スタッフブログ by Tomoko Shimo
大学主催の研修旅行で、アメリカに学生を送り出す際、必ず事前学習の時を持ちます。日米の文化比較や価値観の違いなどを学ぶのですが、クリスチャンの信仰と生活についても分かち合います。
私たちが提供するプログラムでは、参加者全員がクリスチャンファミリーのもとホームステイをするからです。
その学びの中で、いつも取り上げ、ディスカッションをするトピックに
「アーミッシュの赦し」があります。
2006年10月、ペンシルベニア州ランカスターにあるアーミッシュの学校に
30代のアーミッシュではない白人男性が侵入し、女子児童10名を次々と銃で撃ち、5名が死亡、5名が重傷を負うという悲惨な事件が起こりました。
アーミッシュとは、電気もガスも車も使わず、自給自足の生活をする保守的なクリスチャンの一派です。なだらかな丘陵をバギーに乗って移動するアーミッシュの姿は、のどかな美しいランカスターの風景の一部になっています。
平和な静かな暮らしを好むアーミッシュコミュニティを突如襲ったこの事件は、全米の注目を浴びました。そして、この事件の悲惨さ以上に人々を驚かせたのが、アーミッシュが犯人の家族に示した赦しでした。
犯人の男はその場で自殺したのですが、混乱し打ちひしがれる彼の両親のもとを、事件当日の晩に複数のアーミッシュが訪れ、「私たちはあなたたちを赦していますよ」と伝えたというのです。また、犯人の葬儀には多くのアーミッシュが参列し、メディアの目に晒されることないよう、盾となって遺族を守ってくれたのです。
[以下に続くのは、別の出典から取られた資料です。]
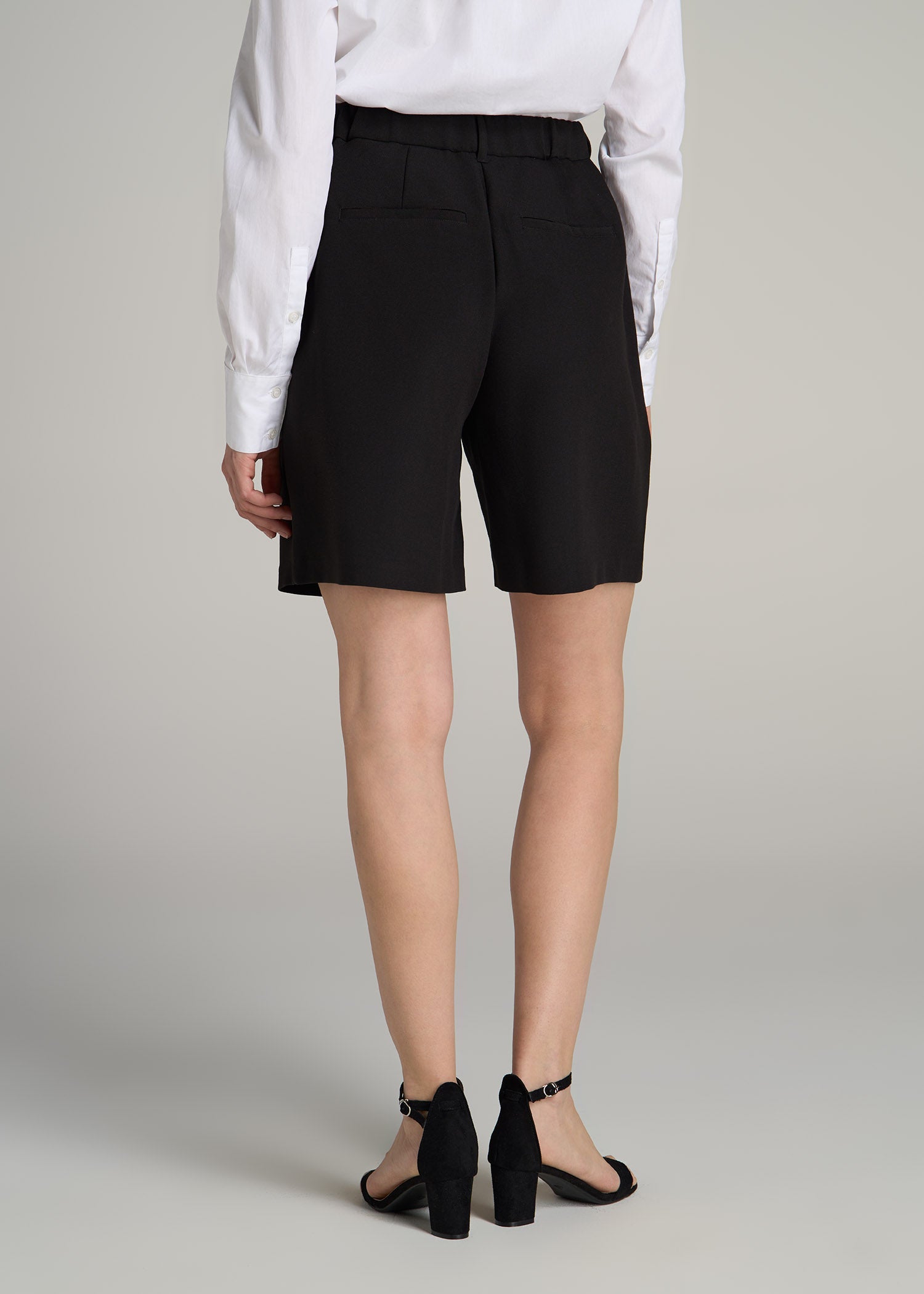 Pleated Tailored Shorts for Tall Women | American Tall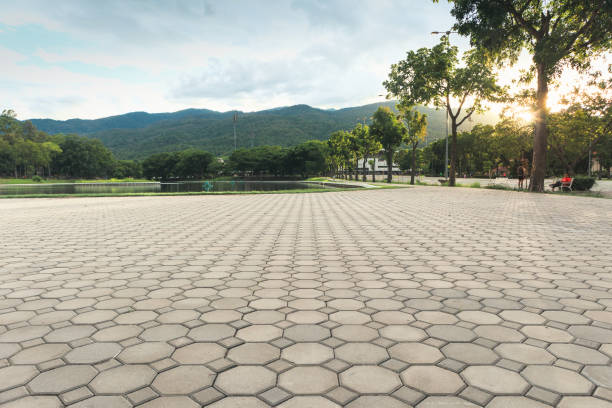 Permeable Paver Driveway in Steep Falls, ME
犯人の母、テリーは敬虔なクリスチャンでした。彼女は事件後、負傷した女の子たちを毎週見舞い、多くの時間をアーミッシュの人たちと過ごしました。”Forgiven(赦されて)”という本の中で、彼女はアーミッシュが示してくれた赦しを通して、それまで知らなかった神の愛を体験したと記しています。なんとかしがみついて生き延びるだけの人生になって当然だったにもかかわらず、嵐の後に美しい虹を見る恵みを、神様が与えてくださったと……。
ツアーを通して、若者たちには自分とは違った考えや価値観を持った人々と出会い、心で多くを感じて欲しいと願っています。